What you need to do
Lines from the beginning of the data below through the one containing "дамски абитуриентски обувки Megias" are to be printed exactly as they appear.

Dataset content

BEGIN

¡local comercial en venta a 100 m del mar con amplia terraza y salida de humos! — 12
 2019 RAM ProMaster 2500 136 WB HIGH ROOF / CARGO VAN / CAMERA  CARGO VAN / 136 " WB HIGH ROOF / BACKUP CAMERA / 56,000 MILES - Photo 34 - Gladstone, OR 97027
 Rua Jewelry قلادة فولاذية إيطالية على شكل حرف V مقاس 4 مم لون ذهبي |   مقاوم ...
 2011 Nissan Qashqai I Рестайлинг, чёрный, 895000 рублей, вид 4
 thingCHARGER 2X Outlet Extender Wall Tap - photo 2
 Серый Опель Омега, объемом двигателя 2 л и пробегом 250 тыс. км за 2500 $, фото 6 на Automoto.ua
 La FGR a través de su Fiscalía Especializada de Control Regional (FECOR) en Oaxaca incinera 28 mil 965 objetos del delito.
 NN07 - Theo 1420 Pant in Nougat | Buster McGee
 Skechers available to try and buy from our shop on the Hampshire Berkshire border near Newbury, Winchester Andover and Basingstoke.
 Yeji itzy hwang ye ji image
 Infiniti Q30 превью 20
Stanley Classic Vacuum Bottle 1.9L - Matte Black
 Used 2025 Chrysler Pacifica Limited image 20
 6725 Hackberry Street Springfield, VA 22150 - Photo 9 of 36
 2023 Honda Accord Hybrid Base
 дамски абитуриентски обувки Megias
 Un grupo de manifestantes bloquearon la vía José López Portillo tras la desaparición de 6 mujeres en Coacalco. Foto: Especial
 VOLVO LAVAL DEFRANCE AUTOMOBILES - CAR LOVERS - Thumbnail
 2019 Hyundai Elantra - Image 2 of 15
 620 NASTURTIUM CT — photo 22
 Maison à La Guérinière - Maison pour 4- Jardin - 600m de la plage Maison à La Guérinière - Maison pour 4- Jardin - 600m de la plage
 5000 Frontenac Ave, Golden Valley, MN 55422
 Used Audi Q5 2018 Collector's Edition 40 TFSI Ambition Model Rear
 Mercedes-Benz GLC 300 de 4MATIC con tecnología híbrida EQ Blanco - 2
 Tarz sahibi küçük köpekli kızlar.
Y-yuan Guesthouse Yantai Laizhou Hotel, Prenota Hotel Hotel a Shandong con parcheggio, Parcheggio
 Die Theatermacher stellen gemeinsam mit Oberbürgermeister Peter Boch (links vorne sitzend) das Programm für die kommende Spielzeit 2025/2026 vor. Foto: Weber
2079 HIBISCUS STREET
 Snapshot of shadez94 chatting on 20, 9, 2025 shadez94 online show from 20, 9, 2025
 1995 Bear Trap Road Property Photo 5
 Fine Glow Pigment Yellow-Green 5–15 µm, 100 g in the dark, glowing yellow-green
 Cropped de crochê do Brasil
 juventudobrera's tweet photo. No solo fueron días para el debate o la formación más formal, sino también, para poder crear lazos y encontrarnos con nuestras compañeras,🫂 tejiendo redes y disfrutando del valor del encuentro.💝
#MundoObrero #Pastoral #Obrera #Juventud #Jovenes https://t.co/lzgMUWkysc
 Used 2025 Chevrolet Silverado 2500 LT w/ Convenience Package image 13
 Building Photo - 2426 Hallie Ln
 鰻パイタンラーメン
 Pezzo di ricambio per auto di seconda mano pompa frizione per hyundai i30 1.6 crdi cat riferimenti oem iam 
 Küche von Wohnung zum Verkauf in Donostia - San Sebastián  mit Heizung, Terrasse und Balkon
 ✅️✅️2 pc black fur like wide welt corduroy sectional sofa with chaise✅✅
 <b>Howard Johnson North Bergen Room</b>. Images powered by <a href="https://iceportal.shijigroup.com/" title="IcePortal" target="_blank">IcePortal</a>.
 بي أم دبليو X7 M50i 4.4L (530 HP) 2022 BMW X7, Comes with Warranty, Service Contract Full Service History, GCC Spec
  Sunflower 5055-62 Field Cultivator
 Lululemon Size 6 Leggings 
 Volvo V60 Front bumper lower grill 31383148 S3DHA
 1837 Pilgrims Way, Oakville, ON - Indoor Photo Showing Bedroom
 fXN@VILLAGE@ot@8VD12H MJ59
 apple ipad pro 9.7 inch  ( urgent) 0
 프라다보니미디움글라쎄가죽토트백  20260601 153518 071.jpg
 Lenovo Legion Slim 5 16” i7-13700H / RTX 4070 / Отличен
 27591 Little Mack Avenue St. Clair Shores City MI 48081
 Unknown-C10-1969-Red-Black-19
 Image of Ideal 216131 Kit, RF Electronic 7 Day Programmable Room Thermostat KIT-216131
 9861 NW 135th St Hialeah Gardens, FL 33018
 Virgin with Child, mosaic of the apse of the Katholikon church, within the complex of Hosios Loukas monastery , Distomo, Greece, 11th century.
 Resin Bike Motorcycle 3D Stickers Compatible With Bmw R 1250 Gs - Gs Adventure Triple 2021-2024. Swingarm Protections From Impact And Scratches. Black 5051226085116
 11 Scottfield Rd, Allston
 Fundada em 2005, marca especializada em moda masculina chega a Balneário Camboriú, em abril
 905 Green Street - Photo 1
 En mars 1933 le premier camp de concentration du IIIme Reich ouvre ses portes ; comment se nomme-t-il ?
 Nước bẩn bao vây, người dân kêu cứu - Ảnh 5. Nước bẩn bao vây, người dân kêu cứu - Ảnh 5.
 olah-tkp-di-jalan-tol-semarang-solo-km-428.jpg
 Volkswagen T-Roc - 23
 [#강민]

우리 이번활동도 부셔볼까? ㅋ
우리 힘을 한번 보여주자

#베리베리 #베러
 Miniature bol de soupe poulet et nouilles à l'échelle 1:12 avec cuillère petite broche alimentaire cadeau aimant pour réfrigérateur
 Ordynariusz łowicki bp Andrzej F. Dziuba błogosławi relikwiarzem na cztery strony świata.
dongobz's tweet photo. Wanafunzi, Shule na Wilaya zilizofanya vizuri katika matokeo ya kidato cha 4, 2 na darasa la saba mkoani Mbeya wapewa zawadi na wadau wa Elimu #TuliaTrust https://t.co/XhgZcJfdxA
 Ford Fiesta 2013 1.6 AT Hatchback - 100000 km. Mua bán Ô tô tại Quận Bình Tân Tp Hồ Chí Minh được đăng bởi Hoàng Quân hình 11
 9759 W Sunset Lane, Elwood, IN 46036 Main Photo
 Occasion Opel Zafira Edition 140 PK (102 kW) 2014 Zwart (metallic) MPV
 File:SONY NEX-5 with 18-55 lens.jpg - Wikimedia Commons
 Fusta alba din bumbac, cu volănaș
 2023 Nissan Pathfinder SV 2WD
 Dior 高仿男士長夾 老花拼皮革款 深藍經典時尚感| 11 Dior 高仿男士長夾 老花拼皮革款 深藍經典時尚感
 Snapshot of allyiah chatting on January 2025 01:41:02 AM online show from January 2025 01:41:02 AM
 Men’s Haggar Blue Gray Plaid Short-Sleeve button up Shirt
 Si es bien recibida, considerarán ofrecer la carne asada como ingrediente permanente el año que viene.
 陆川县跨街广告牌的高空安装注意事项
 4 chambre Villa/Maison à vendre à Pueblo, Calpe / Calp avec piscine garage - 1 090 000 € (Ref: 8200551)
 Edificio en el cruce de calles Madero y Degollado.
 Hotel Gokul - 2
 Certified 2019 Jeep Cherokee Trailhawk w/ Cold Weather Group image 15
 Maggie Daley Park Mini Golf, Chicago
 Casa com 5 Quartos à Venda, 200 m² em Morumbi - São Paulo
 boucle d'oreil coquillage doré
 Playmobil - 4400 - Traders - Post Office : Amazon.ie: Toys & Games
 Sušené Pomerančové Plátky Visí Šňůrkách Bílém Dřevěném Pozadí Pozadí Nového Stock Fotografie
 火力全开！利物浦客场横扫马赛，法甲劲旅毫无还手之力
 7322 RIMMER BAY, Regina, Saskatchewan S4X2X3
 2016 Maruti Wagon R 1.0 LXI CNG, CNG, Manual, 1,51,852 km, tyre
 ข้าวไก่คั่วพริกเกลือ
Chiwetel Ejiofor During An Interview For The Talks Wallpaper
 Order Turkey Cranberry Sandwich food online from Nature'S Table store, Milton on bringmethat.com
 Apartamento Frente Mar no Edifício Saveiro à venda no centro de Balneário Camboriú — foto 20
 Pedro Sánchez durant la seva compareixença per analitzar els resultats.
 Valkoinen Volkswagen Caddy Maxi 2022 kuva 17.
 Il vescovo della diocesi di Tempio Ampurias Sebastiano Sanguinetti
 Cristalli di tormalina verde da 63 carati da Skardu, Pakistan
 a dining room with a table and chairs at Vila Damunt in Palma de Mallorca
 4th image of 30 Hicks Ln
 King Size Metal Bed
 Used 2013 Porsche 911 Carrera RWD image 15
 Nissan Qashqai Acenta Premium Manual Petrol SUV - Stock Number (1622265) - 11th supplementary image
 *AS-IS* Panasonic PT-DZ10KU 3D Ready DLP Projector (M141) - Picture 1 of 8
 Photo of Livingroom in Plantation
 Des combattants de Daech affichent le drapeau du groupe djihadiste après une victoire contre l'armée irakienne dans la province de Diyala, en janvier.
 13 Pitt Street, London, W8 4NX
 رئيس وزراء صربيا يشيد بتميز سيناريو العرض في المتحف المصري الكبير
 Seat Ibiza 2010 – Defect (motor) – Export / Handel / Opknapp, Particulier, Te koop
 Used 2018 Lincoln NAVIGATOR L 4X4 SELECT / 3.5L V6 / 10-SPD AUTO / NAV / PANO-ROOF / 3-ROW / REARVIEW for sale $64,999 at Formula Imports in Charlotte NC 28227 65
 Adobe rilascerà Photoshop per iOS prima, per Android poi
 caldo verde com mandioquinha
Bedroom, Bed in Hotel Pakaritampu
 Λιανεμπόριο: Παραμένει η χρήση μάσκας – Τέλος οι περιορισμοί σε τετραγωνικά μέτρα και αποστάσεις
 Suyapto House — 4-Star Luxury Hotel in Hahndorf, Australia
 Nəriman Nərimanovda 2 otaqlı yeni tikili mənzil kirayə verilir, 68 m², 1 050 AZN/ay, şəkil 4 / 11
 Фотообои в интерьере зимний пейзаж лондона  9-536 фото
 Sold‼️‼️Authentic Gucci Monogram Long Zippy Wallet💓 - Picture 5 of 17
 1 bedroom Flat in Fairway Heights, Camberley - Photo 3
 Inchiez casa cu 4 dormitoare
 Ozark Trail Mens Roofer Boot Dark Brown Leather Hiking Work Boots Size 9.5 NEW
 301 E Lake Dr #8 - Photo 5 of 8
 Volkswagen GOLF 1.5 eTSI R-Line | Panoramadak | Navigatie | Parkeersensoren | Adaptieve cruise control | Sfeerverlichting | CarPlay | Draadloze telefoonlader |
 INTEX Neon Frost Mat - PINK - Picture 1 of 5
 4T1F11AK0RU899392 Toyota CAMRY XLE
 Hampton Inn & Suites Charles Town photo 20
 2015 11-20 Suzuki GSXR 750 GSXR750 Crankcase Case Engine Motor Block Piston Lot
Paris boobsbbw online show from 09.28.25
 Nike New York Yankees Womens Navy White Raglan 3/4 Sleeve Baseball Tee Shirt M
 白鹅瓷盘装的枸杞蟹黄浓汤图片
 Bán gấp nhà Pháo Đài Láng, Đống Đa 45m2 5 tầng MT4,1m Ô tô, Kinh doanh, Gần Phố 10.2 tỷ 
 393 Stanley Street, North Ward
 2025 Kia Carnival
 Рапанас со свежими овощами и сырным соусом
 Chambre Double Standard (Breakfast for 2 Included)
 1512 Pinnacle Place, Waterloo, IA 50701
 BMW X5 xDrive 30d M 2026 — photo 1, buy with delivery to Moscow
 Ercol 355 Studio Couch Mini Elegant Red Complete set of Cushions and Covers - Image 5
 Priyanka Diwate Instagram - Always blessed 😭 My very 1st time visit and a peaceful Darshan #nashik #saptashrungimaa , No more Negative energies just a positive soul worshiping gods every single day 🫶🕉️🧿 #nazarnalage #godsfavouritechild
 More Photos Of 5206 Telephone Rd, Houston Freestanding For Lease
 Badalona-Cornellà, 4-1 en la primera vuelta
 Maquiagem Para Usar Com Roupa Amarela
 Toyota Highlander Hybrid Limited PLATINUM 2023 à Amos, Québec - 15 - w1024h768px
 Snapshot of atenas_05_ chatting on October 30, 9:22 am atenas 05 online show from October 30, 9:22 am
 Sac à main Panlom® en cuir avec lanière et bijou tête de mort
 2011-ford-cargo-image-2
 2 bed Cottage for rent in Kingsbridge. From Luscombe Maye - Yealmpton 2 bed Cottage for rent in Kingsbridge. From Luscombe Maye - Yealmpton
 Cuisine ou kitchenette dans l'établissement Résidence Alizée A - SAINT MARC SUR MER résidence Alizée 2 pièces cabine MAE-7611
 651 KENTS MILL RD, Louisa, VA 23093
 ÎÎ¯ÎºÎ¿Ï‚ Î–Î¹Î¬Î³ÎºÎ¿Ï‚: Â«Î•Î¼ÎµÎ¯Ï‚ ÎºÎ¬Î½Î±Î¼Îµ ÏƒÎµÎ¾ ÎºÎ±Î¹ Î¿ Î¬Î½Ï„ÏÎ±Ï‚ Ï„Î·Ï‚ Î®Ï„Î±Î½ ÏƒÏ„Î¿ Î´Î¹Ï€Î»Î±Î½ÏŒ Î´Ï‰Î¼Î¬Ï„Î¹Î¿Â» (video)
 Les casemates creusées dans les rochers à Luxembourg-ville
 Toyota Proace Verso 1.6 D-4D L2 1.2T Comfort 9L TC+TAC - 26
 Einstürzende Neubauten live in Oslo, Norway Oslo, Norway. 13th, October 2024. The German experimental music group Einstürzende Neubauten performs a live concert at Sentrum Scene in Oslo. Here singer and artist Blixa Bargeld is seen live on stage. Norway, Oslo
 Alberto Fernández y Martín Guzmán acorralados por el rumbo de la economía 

END

Result below
¡local comercial en venta a 100 m del mar con amplia terraza y salida de humos! — 12
 2019 RAM ProMaster 2500 136 WB HIGH ROOF / CARGO VAN / CAMERA  CARGO VAN / 136 " WB HIGH ROOF / BACKUP CAMERA / 56,000 MILES - Photo 34 - Gladstone, OR 97027
 Rua Jewelry قلادة فولاذية إيطالية على شكل حرف V مقاس 4 مم لون ذهبي |   مقاوم ...
 2011 Nissan Qashqai I Рестайлинг, чёрный, 895000 рублей, вид 4
 thingCHARGER 2X Outlet Extender Wall Tap - photo 2
 Серый Опель Омега, объемом двигателя 2 л и пробегом 250 тыс. км за 2500 $, фото 6 на Automoto.ua
 La FGR a través de su Fiscalía Especializada de Control Regional (FECOR) en Oaxaca incinera 28 mil 965 objetos del delito.
 NN07 - Theo 1420 Pant in Nougat | Buster McGee
 Skechers available to try and buy from our shop on the Hampshire Berkshire border near Newbury, Winchester Andover and Basingstoke.
 Yeji itzy hwang ye ji image
 Infiniti Q30 превью 20
Stanley Classic Vacuum Bottle 1.9L - Matte Black
 Used 2025 Chrysler Pacifica Limited image 20
 6725 Hackberry Street Springfield, VA 22150 - Photo 9 of 36
 2023 Honda Accord Hybrid Base
 дамски абитуриентски обувки Megias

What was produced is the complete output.